- Problem
Give again, word for word, every line below from the one that has "Tummy Tuck Before" through the one that has "Something&rsquo;s Not Right", both included, and no others.

- Records shown
+++++

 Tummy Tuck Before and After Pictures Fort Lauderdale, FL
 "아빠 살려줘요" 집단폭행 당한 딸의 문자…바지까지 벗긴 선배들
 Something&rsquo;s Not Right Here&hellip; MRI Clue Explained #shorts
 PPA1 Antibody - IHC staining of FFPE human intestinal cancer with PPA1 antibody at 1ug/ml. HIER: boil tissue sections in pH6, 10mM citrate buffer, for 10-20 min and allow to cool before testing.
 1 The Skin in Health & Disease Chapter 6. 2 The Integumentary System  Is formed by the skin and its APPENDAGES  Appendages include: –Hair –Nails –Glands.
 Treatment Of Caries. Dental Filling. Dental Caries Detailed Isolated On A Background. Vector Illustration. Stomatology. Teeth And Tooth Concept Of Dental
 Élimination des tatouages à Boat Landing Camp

+++++

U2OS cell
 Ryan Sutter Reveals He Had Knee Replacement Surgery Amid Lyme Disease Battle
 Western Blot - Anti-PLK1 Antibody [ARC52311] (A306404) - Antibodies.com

+++++

- Response to the exercise
 Tummy Tuck Before and After Pictures Fort Lauderdale, FL
 "아빠 살려줘요" 집단폭행 당한 딸의 문자…바지까지 벗긴 선배들
 Something&rsquo;s Not Right Here&hellip; MRI Clue Explained #shorts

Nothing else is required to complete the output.